_To do:_
Leave out the pictures and output exactly the lines below from the one with "Old Boundary Marker on Halls Road" down to the one with "Cinnamon Clownfish Bonded", both of them included.

START Available records

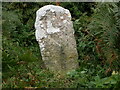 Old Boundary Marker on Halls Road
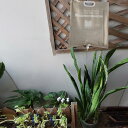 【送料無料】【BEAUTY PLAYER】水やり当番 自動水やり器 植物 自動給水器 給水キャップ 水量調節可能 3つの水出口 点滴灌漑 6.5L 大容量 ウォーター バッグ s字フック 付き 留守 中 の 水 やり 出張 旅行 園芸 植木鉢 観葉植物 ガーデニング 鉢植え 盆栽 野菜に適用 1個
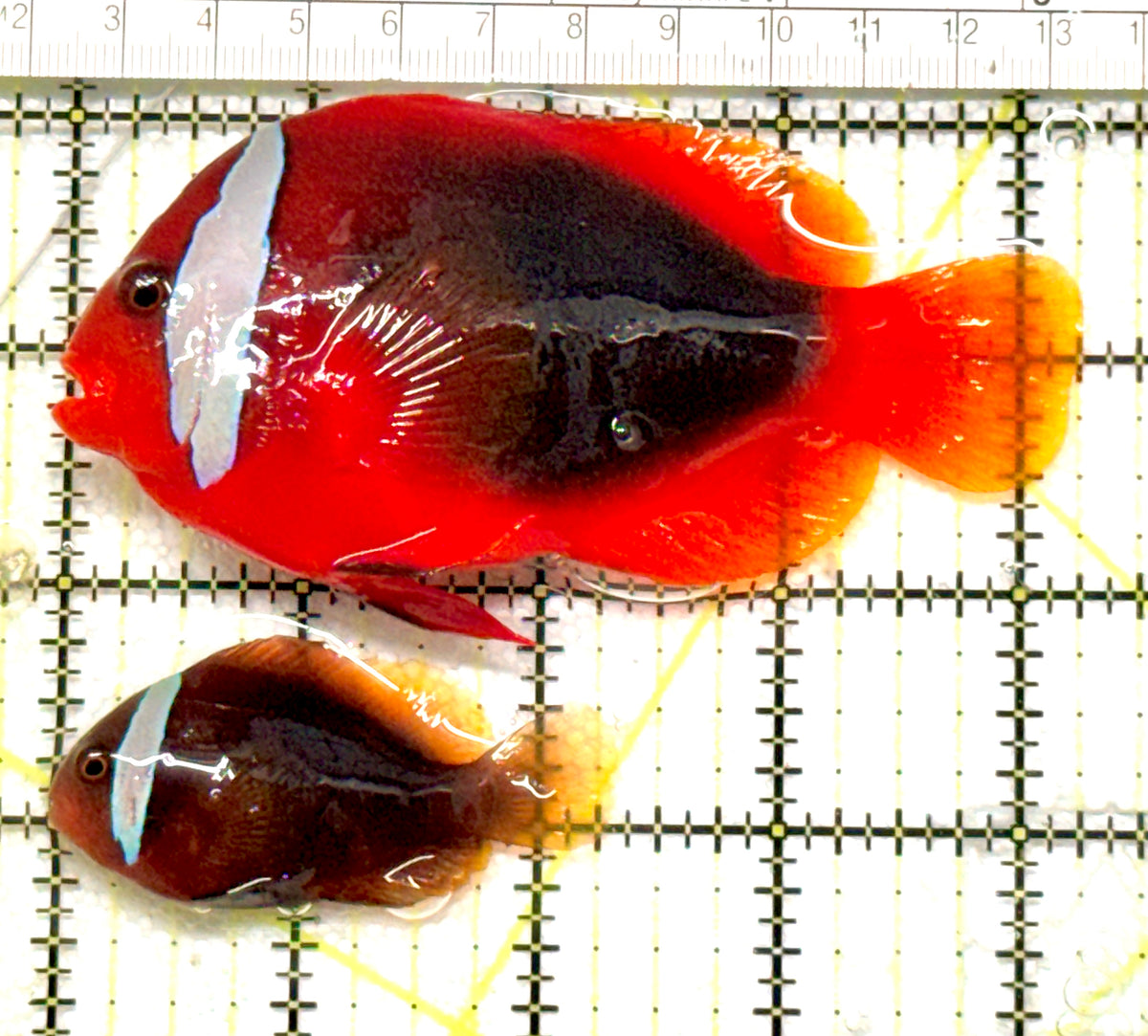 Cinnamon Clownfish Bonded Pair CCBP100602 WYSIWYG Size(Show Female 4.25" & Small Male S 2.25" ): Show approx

END Available records
START Available records

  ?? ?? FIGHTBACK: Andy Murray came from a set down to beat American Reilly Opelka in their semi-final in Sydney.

END Available records
START Available records

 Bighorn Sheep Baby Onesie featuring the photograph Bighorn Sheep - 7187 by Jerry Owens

END Available records

_Task answer:_
 Old Boundary Marker on Halls Road
 【送料無料】【BEAUTY PLAYER】水やり当番 自動水やり器 植物 自動給水器 給水キャップ 水量調節可能 3つの水出口 点滴灌漑 6.5L 大容量 ウォーター バッグ s字フック 付き 留守 中 の 水 やり 出張 旅行 園芸 植木鉢 観葉植物 ガーデニング 鉢植え 盆栽 野菜に適用 1個
 Cinnamon Clownfish Bonded Pair CCBP100602 WYSIWYG Size(Show Female 4.25" & Small Male S 2.25" ): Show approx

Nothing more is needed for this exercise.